On a hopeful note, Alex says that AI also presents numerous opportunities for positive transformation, in sectors like healthcare and also in making trust and safety teams more effective. From providing assistance in accurate medical diagnosis to helping trust and safety teams better root out problematic content and conduct at scale, there are also plenty of beneficial applications of AI to be excited about.
But, trust and safety teams around the world are already battling the dark side of this technology, laying the foundation for a more secure digital future. According to Alex, the interplay between generative AI and UGC platforms is bound to intensify, bringing with it a bevy of novel challenges that will test our collective adaptability.
“In terms of moderation, it’s still really a combination of machines and people – people to write the rules, govern, and help expose weaknesses, and AI to layer on top and moderate input and output,” Alex says. “I think this is a massive opportunity in the technology sector and something that we are thinking about at WebPurify. A key component of this will be AI ethics and regulation and the extent to which AI companies are required to disclose what has been AI-generated.

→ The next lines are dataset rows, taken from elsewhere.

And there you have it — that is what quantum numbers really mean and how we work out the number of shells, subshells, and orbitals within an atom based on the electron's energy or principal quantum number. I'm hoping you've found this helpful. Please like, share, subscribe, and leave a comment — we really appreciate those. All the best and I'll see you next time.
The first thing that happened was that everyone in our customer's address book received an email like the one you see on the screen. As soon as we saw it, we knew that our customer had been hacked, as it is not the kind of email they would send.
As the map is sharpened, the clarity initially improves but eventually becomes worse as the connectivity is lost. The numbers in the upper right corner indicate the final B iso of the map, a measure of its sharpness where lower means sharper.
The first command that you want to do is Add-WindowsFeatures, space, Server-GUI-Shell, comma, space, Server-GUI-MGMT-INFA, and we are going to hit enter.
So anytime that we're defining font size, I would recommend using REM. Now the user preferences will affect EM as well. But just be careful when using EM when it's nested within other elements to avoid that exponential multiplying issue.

“What will continue to be a significant challenge is combatting complex areas like disinformation – AI isn’t great at this, yet.”

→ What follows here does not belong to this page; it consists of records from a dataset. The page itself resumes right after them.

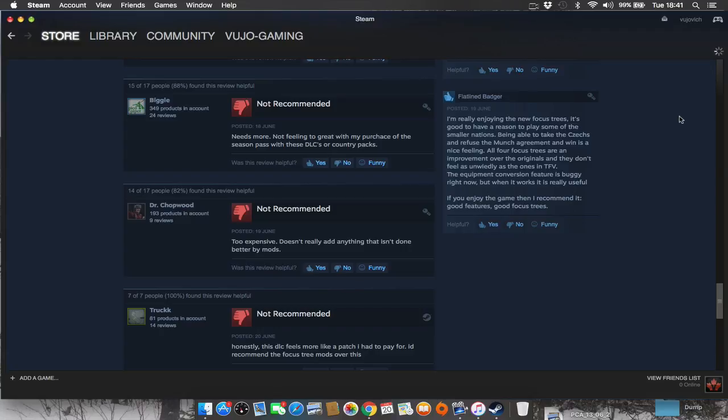And they don't feel as unwieldy as the ones in Together for Victory. The Equipment Conversion feature is buggy right now. Oh, Paradox, unleashing buggy content. But it works. It is really useful.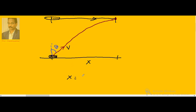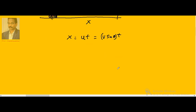The horizontal displacement of the bullet and the aeroplane must both be equal. For the aeroplane, x equals u·t. For the bullet, since the angle theta is given with respect to the vertical, the horizontal component of velocity is v·sin theta, so x equals v·sin theta·t. Since time is equal on both sides, the horizontal component of bullet velocity must equal the plane velocity.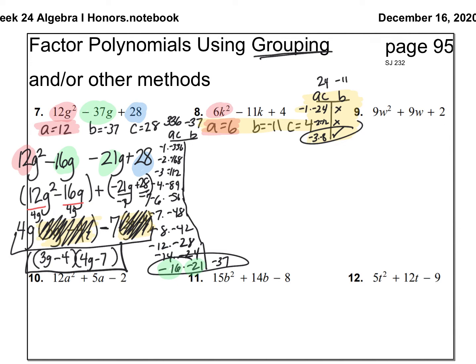The reason I have to do factoring by grouping is because the A value is no longer 1. When A is not 1, I need to factor by grouping. First term stays the same, last term stays the same, and the middle term negative 11k turns into negative 3k and negative 8k.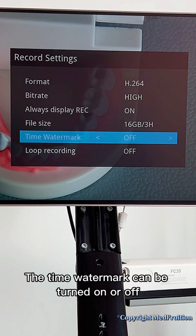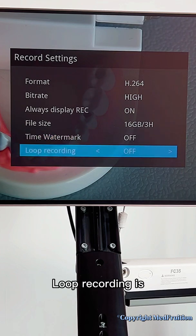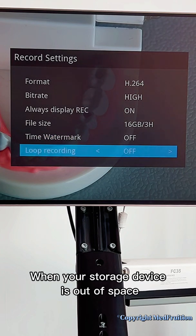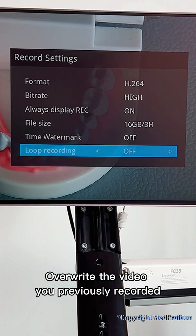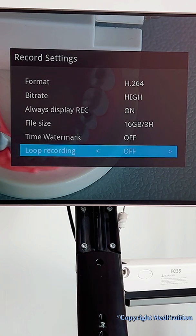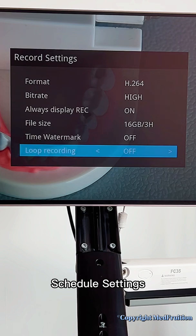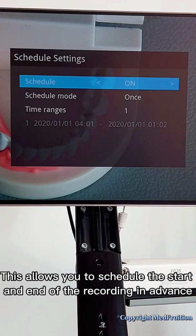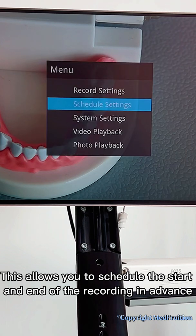The time watermark can be turned on or off. Loop recording is when your storage device is out of space — it will overwrite previously recorded video. Usually select off. Schedule settings allow you to schedule the start and end of the recording in advance.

As we move further into this uncharted territory, the key takeaway is clear: AI technology is a double-edged sword, capable of both creating and mitigating risks. Our ability to navigate this labyrinth of challenges will define the future of our digital lives, shaping how we interact, share and consume content in the virtual world. As content moderators, we find ourselves in the midst of a grand game of cat and mouse, where the stakes are high, and the outcome will define our collective future in the digital age.